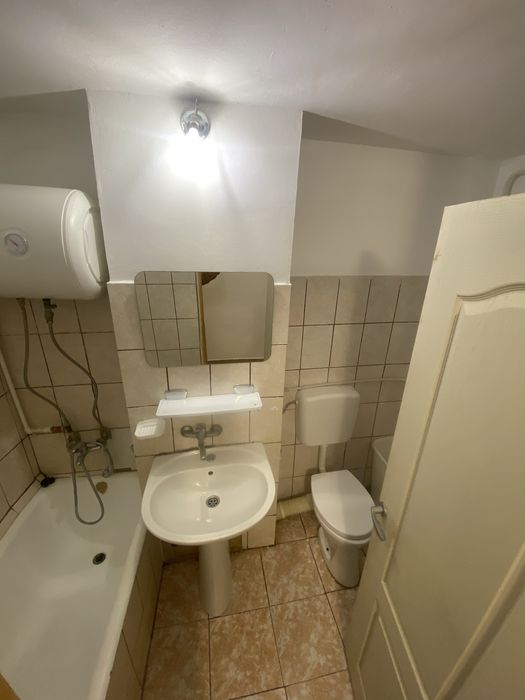 Inchiriez garsoniera mobilata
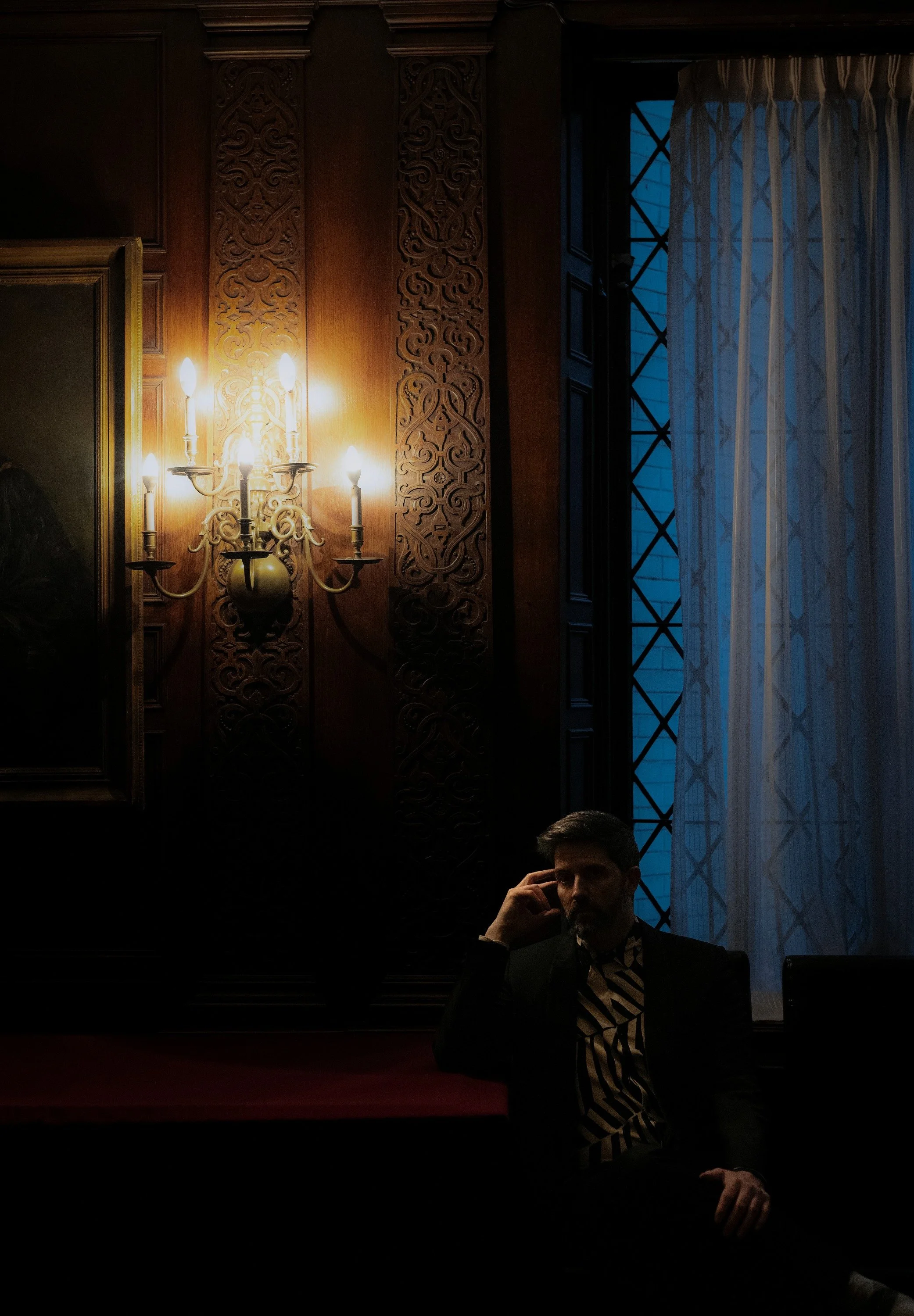 Dustin_Gledhill_press_portrait_2083x3000_web (1).jpg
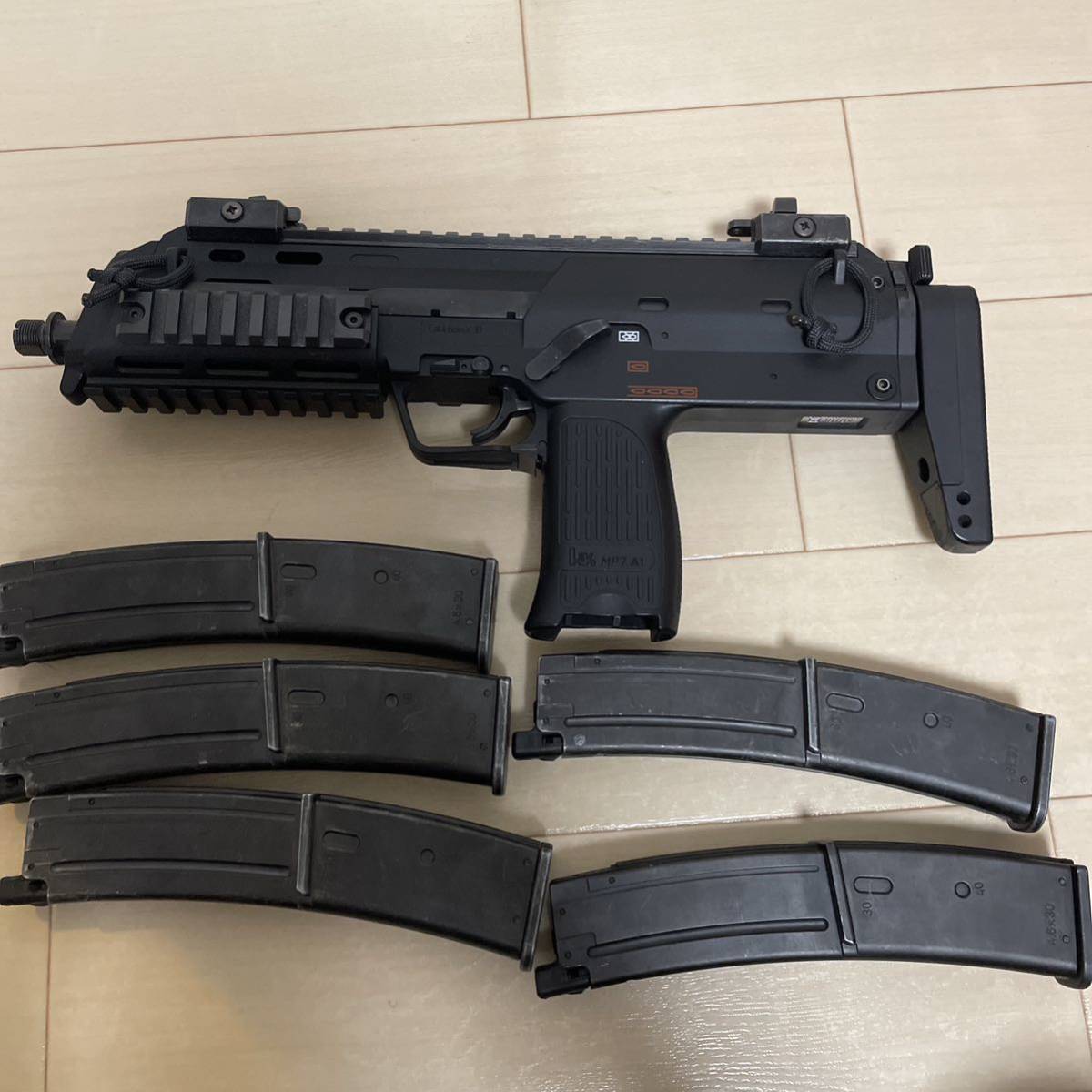 東京マルイ MP7A1 ガスガン 予備マガジン4個付き カスタム品 ガスブローバック_画像1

..........

TO DO — An exact transcription of the data above is needed, without the pictures.

WRITTEN SOLUTION —
 Inchiriez garsoniera mobilata
 Dustin_Gledhill_press_portrait_2083x3000_web (1).jpg
 東京マルイ MP7A1 ガスガン 予備マガジン4個付き カスタム品 ガスブローバック_画像1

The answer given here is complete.